In the current lineup, Deninzon is joined by guitarist Aurelien Budynek, bassist Jamie Bishop and drummer Lucianna Padmore. The band’s name, by the way, is a play on Stradivarius, the name for the highly regarded violins and other string instruments made by Antonio Stradivari and other members of his family in the 17th and 18th centuries.
Deninzon was once playing in an orchestra at a Smokey Robinson concert, he said, and another violinist had a high solo, and said, “That’s up in the stratosphere. I should have brought my Stratospheerius.”

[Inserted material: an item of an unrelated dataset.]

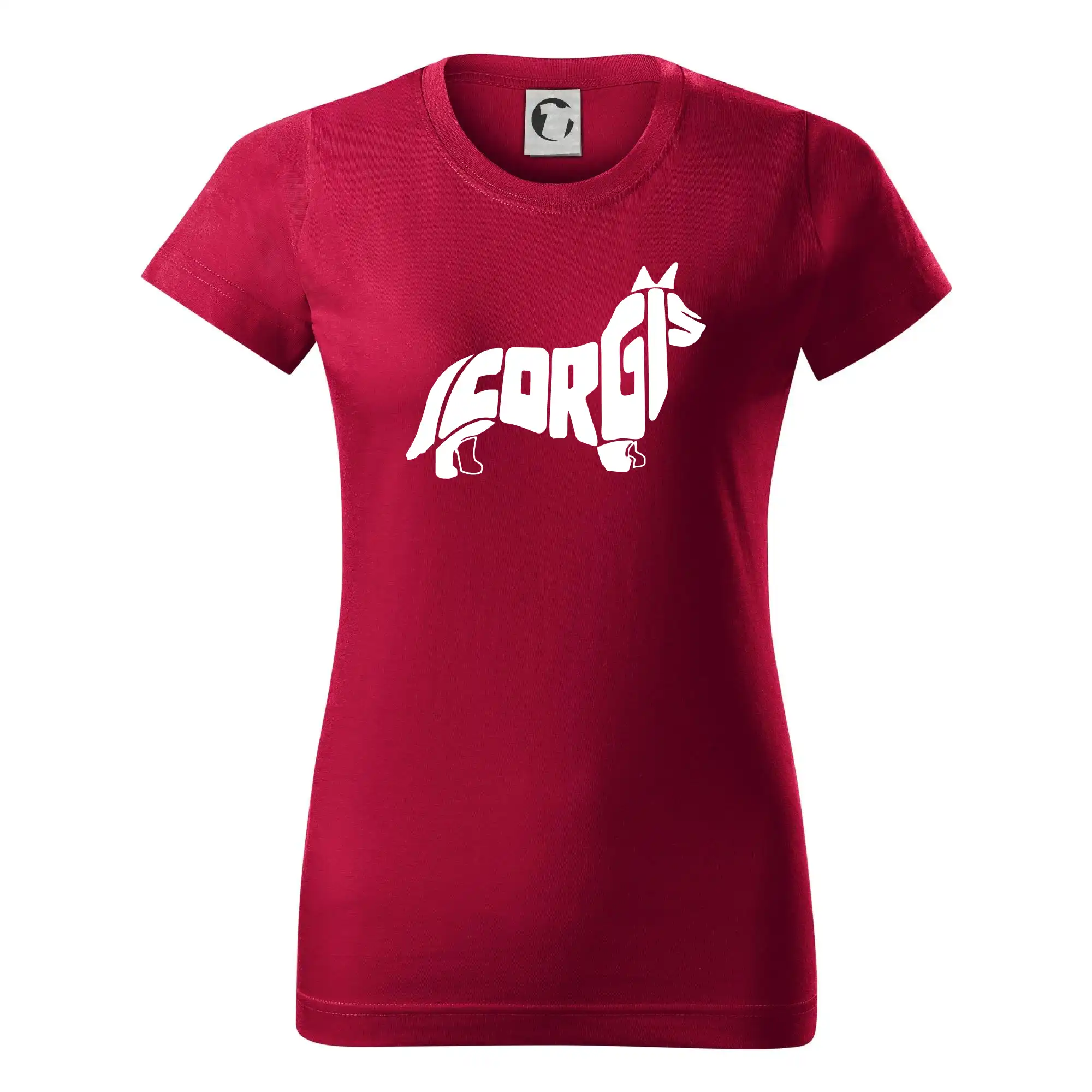 Corgi - nápis v těle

“I just took that word and ran with it,” says Deninzon, “because our music is up in the stratosphere. It’s very trippy and spacey, and the violin is doing crazy things.”
Deninzon is also doing a lot of writing these days, having been commissioned to compose a piece for violinist Rachel Barton Pine, and having premiered an electric violin concerto with the Muncie Symphony Orchestra in Indiana in September.
He also is doing some prog rock organizing, putting together a traveling festival, Sonic Voyages, that hits New England in May and may come to New Jersey at some later point.
He believes this is a good time, in general, for progressive rock.
“I see a lot of mainstream acts incorporating elements of prog music, even though they’re not known as prog acts. The last few Coldplay albums, there was some really interesting stuff going on with arrangements and time signatures and production. Muse is a band that really blew up, especially in Europe, and became a mainstream act that had hits, but they’re really, technically, a progressive rock band in a lot of ways.
“More and more bands are hitting the mainstream and reviving an interest in prog-rock, especially among younger generations, and as a result you’re seeing groups like Thank You Scientist and Tea Club coming up that are really doing some cool, innovative stuff; they’re rooted in the history of progressive-rock music, but taking it somewhere else.”